Esos de las marimorenas
A Rafael Alberti, tritón y banderillero de la bahía gaditana
Un melancólico domingo yugoslavo junto al lago de Struga, y en tanto acometíamos mano a mano una fuente de chepávchichis, el gastrónomo detectivesco señor Vázquez Montalbán me persuadió de que pocas cosas hay más saludables que la de apencar con las propias contradicciones.Bien declarada tengo ya en estas páginas la contradicción que me aflige en cuanto a los toros y, como no me curo de ella, debo aceptarla y repetirla aquí. Fui ayer ardiente aficionado; hoy, el descubrimiento de la usual monotonía de las corridas, su violencia y los padeceres del noble bruto astado (que, dicho así, queda muy antigüito y muy fino) me alejan de esas ceremonias, salvo de alguna con artista en el cartel. Pero, aparte de que siempre hay pocos, habríamos de precisar con qué se come eso, que es eso de un torero artista. El dedicatario de estas líneas lo sabe muy bien, y tantos otros aficionados, pero hay mucho personal que confunde ajos con huevos.
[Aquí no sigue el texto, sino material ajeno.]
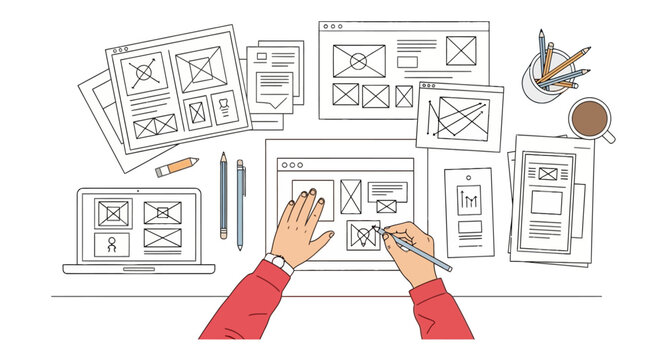 Designer sketching website wireframes for user interface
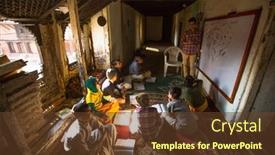  Presentation with nepal culture - Colorful slides enhanced with kathmandu-nepal-dec-9-2013 backdrop and a tawny brown colored foreground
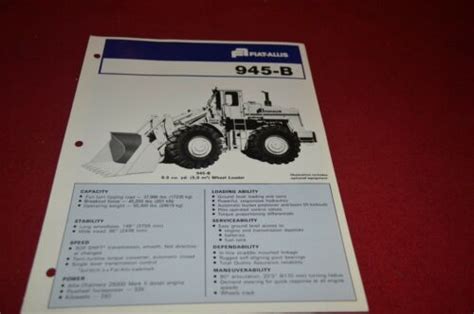 Fiat Allis Chalmers 945 B Wheel Loader Dealers Brochure Dcpa2 Ver2 Ebay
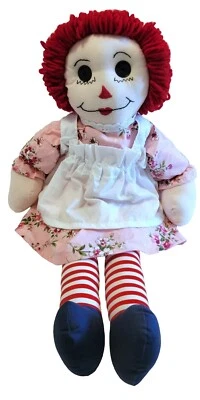 Handmade Raggedy Ann Doll Pink Floral Dress Cloth Large 24" see pics - Image 1 of 4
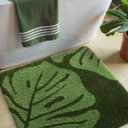 DEXI Square Bathroom Rug 31x31, Green Leaf Monstera Bath Mat, Non Slip Washable Bath Rugs, Soft Microfiber Absorbent Deliciosa Embossed Plant Bathmat for Shower Floor, Sink
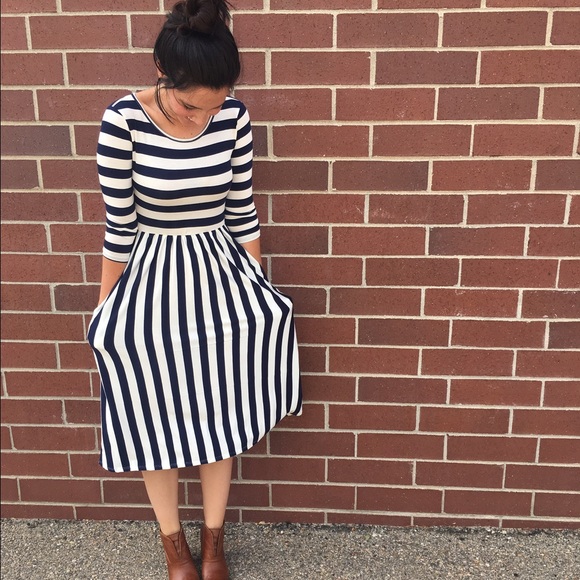 Only 1 left. Navy & White Stripe Modest Midi Dress - Picture 4 of 4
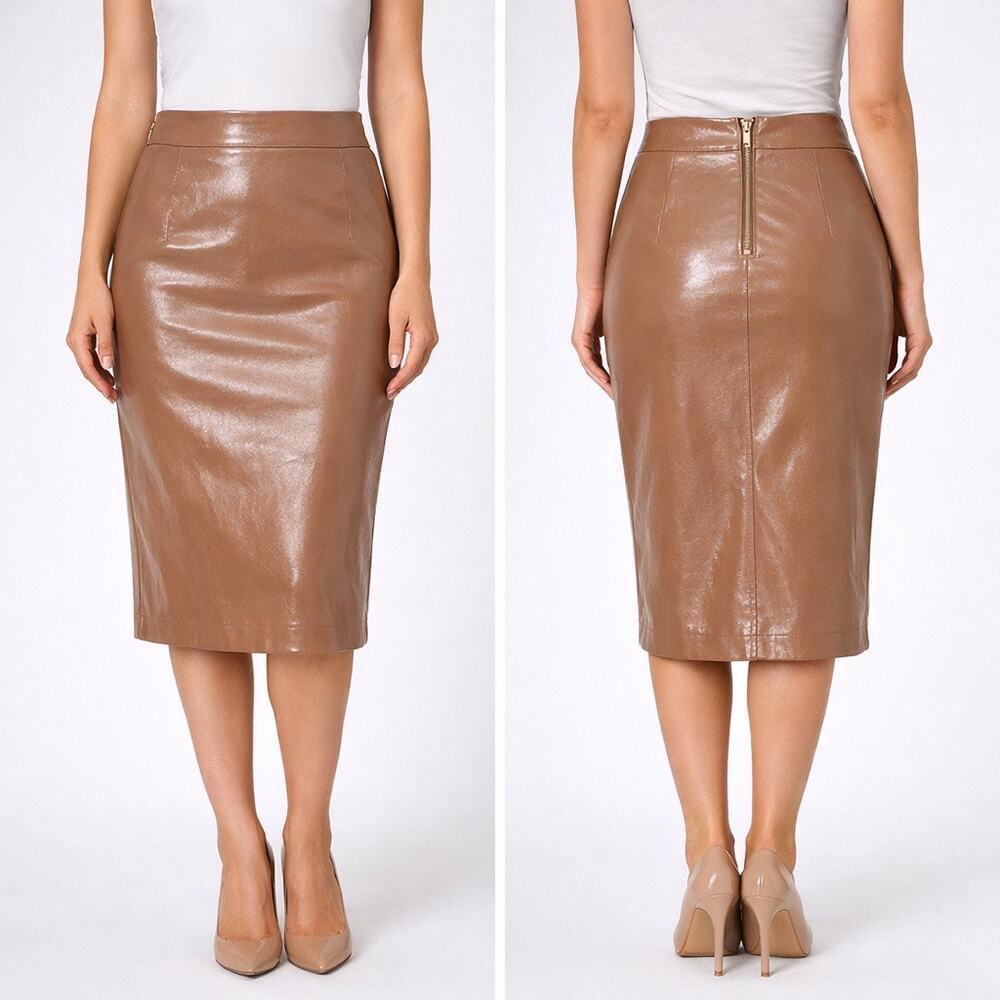 Cara Santana x Apt. 9 Pencil Skirt Size 4 Taupe Brown Glossy Vegan Leather Midi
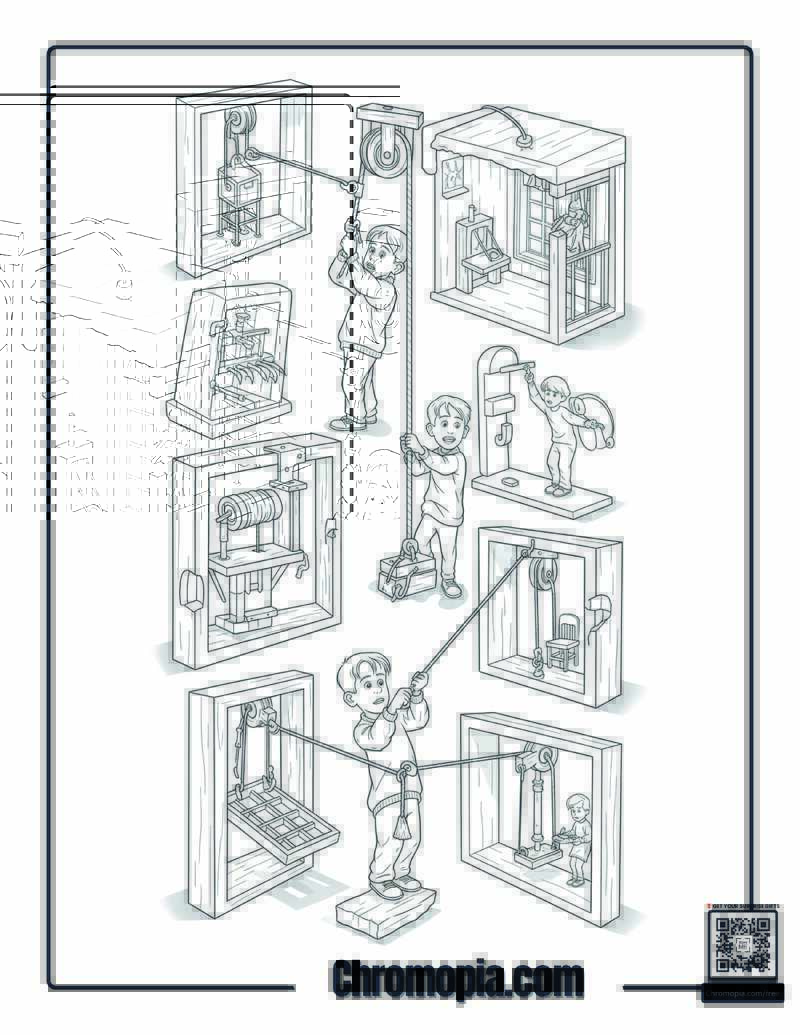 Home Alone Rope and Pulley Coloring Sheet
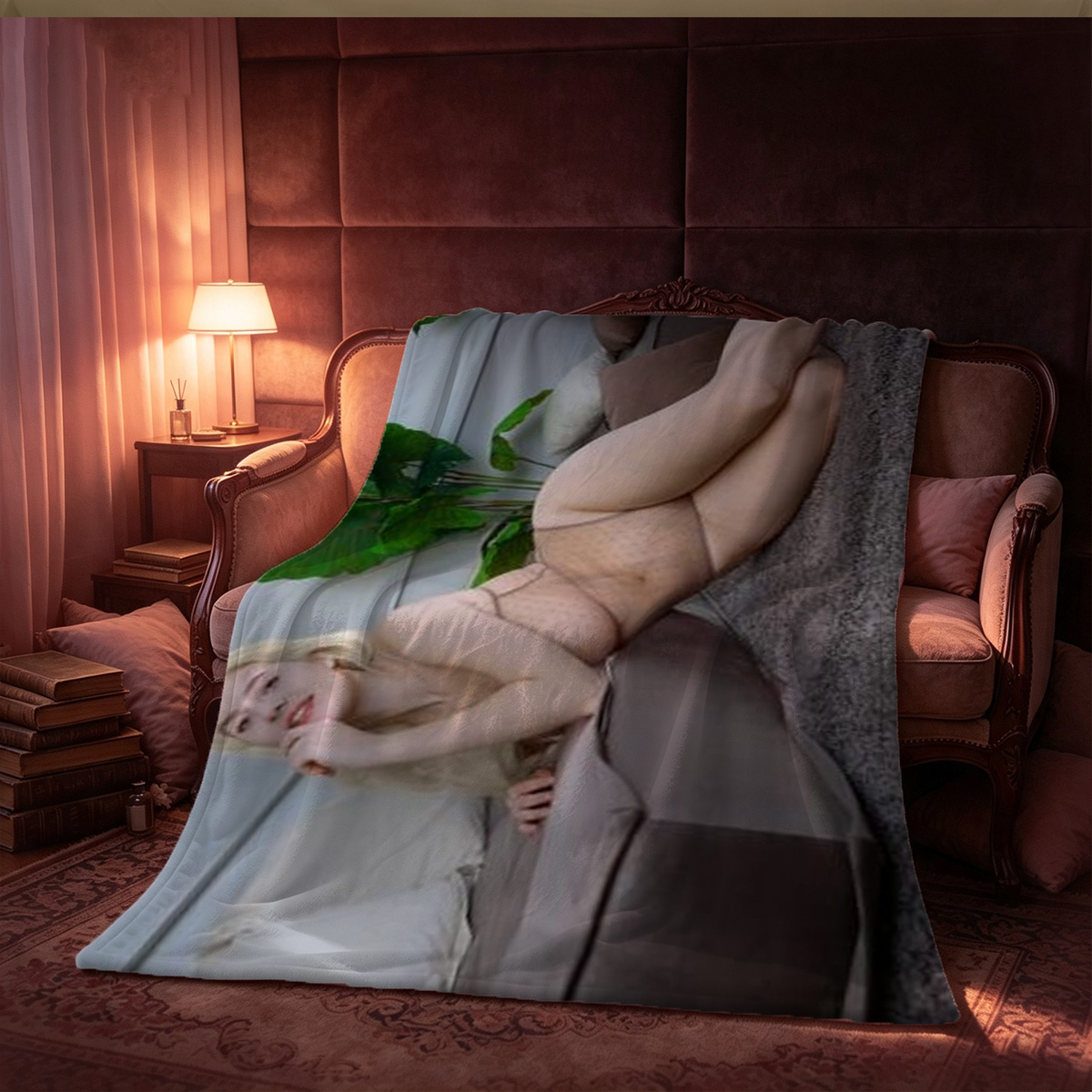 A beautiful woman in black lace lingerie posing seductively in a lavender field. - Blanket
Como en el flamenco, la literatura o las artes plásticas e histriónicas, el toreo de arte es una dificil mezcla de inocencia y sabiduría, de espontaneidad y técnica. Aunque lo niegue Stravinski (que, a su manera, lo tenía), un sentimiento poderoso, mas o menos explícito, jamás falta en un arte grande; sin él, y por ejemplo en letras, caemos en el nouveau roman y su abrumadora comparsa: en lo que Unamuno llamó despectiva y divinamente tecniquerías. Por otra parte, y con sentimiento desprovisto de buenos rigores, encallamos en el soneto llorón y en el melodrama barato. En el toreo ocurre algo parecido, y el de arte ha de compaginar sentires y saberes, gravedades y luminosas concurrencias.
Broncas jubilosas y luctuosas
El pliego de obligaciones del torero artista parece incluir, de toda la vida, las broncas y marimorenas, que las hay jubilosas y luctuosas. Tal vez por más inteligente o sensible, una supenor conciencia del peligro y de la comprometida distinción de sus suertes hacen también más temeroso al torero artista. Pero la gente paga a gusto por eso mismo, y como muestra suprema del culto a la incertidumbre de los torerísimos, recordaré el vozarrón popular que en una añeja corrida del Corpus, en Cádiz, le chilló a Rafael de Paula:
"¡... venga ya! ¡Que no tienes ni miedo!".
Sospecho que Antonio Fuentes, en cuyo toreo entrevió Joaquín Muntaner "un pisar de caballos overos zarandeando gruesos cascabeles", es el matador que inicia la lista de arduos magos inseguros, necesarios siempre para el graderío como antídotos del valor o la destreza a palo seco. Rafael El Gallo, Curro Puya, El, Niño de la Palma, "pájaro pillo" de las chuflillas albertianas, son señeros artistas de lujo a los que no alcancé a ver; entre los que sí, Cagancho, sombrío halcón maravilloso hasta sin arrimarse; el casual caraqueño don Antonio Bienvenida; Curro Romero y Antoñete, sacerdotes considerables, pero evidentemente menores -incluso en sus mejores tardes- del gran ritual estético, y el inentado Paula: obsérvese la vistosa hegemonía de gitanos y de andaluces.
Ahora, entre los más jóvenes, Curro Vázquez y el vallisoletano Roberto Domínguez vuelan también por esa línea. Pero he escrito Vázquez y éste sí que es apellido mayor en la infrecuente gloria artística de los toros: Manuel I El Pulquérrimo, que aún venderá esta temporada sus brocados de oro, aunque sea a centímetros, y su hermano primogénito, el retirado Pepe Luis, cuya alada profundidad sólo me acerca a la pluma un nombre: el de Mozart.